The approximations, i.e., upper bounds on the damage that have to be made
in these cases are normally very unrealistic in that they do not occur in
practice. Nonetheless, they are needed to stay on the safe side. Other troublesome
features include pessimism introduced by approximating branch mispredictions,
effects of out-of-order execution, and bus contention between fetch and load/store
units.
In order to obtain sufficiently precise results, one must perform an integrated
cache and pipeline analysis, which analyzes
all relevant features in combination. Abstract cache states are therefore
incorporated into the abstract pipeline states.
A. Pipeline Modeling Any analysis of pipeline behavior should be based on an appropriate abstraction
of a concrete pipeline model. This abstraction is, in our case, obtained in
a sequence of steps. The
concrete pipeline model
describes the clockwise evolution of the pipeline state during instruction
execution. Of course, this evolution depends on the state of memory. The pipeline
can be modeled as a huge finite-state machine, making transitions between
states on every clock cycle. The transitions between states are deterministic
up to the dependence on the memory state. They are very complex encoding features
like branch prediction.
Every state is structured as a collection
of
components. A component can be a register or the
reservation station of a processor functional unit, etc.
Given the complexity
of modern processors, it seems impossible and, in fact, unnecessary to explicitly
give their full definition as finite-state machines, because only few components
of the states are relevant for timing. Therefore, the concrete models are
designed with the restrictions of an abstract model (to be used in the analysis)
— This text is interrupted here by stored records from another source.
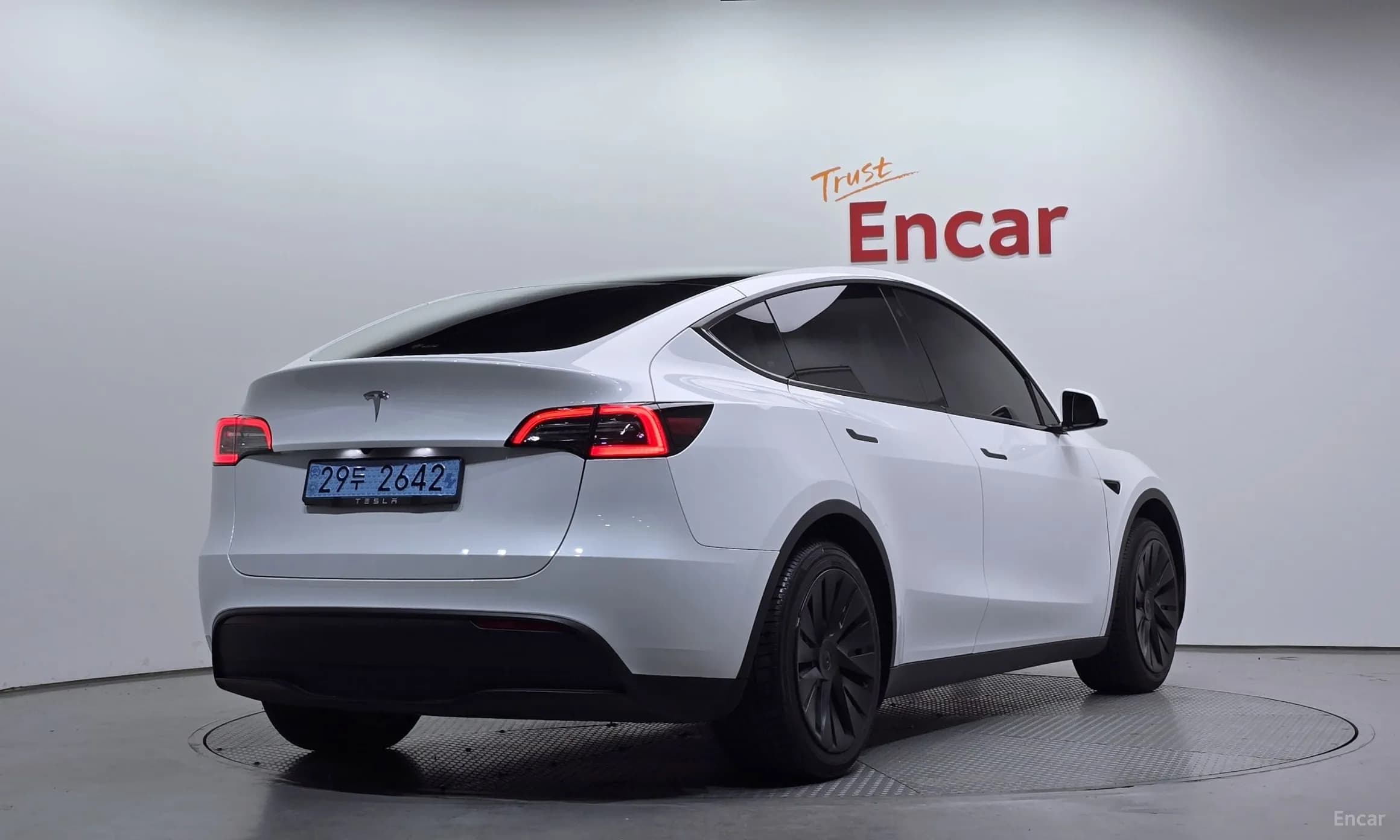 Model Y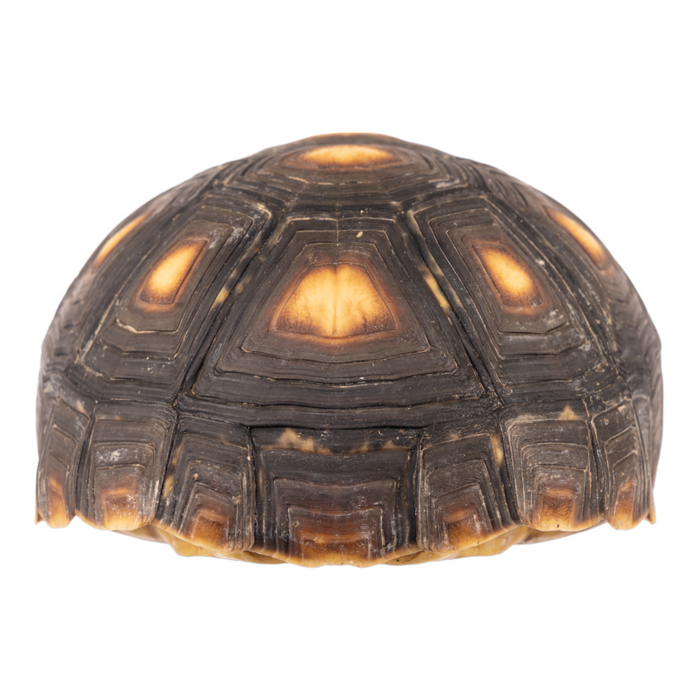 Real Red-footed Tortoise Skull and Shell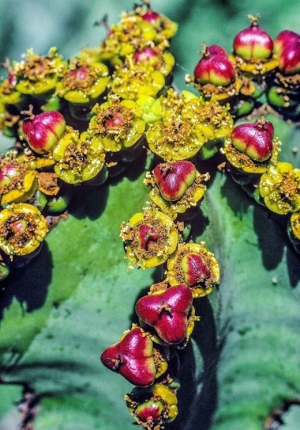 麒麟冠(Euphorbia grandicornis)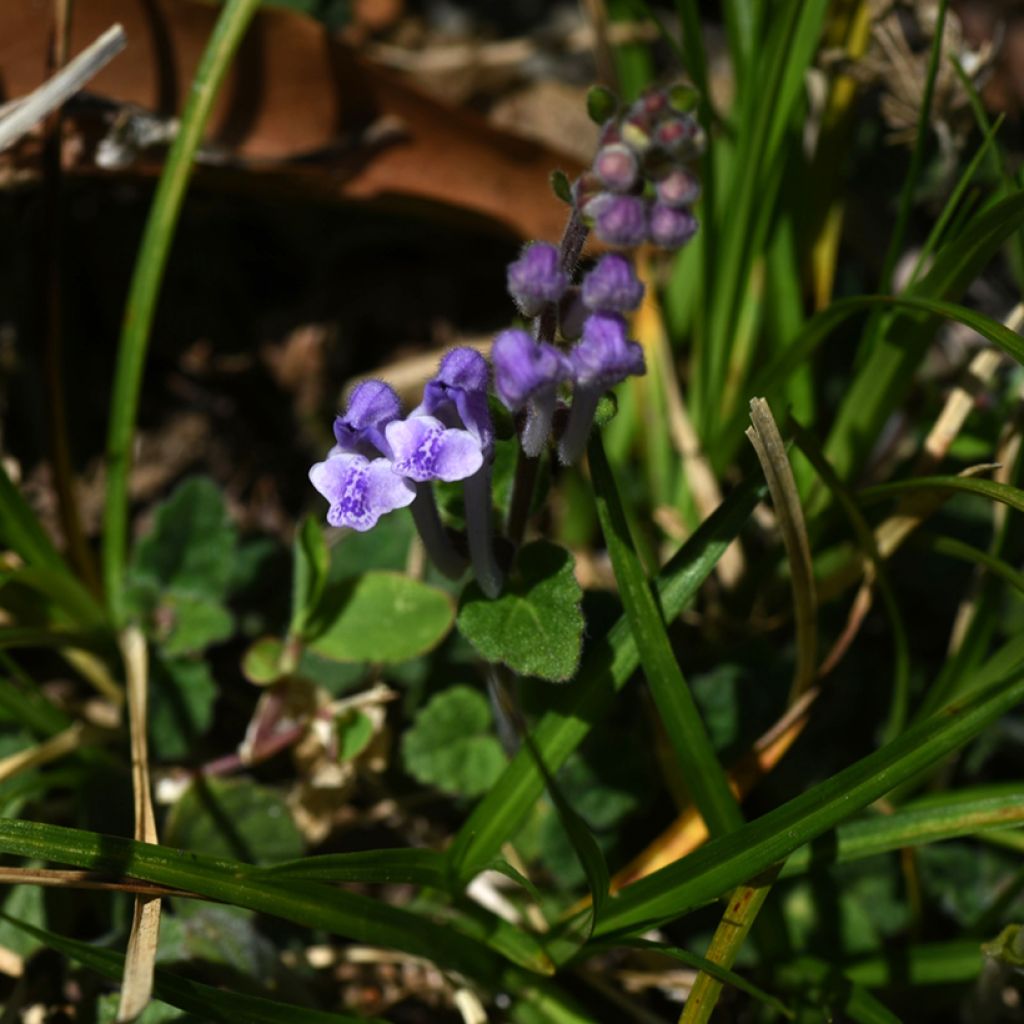 Scutellaria indica var. parviflora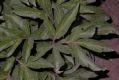 image of Paeonia lactiflora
in mind. No component is precisely represented in the concrete model if it
need not be represented in the abstract model. Hence, in a first step, instead
of the full concrete pipeline model, a
reduced concrete
pipeline model is developed. In order to keep this reduced concrete
model deterministic, it suffices to treat the eliminated components as “oracles”
with deterministic but unknown values. One example for this is register contents:
Since no knowledge of the values of individual registers will be available
in the analysis,
3 there is no need to model registers in the concrete model. Whenever
the evolution of the concrete pipeline depends on the state of such an “opaque”
component, the oracle is asked for the correct decision to take. In the evolution
of the abstract pipeline, the oracle is replaced by nondeterminism: The analysis
has to consider every possibility at such decision points.
To obtain
the components of pipeline states and the transitions between them is a complex
task since the interactions between different components of a state can be
subtle and complicated (not to speak of the conditions on the transition rules).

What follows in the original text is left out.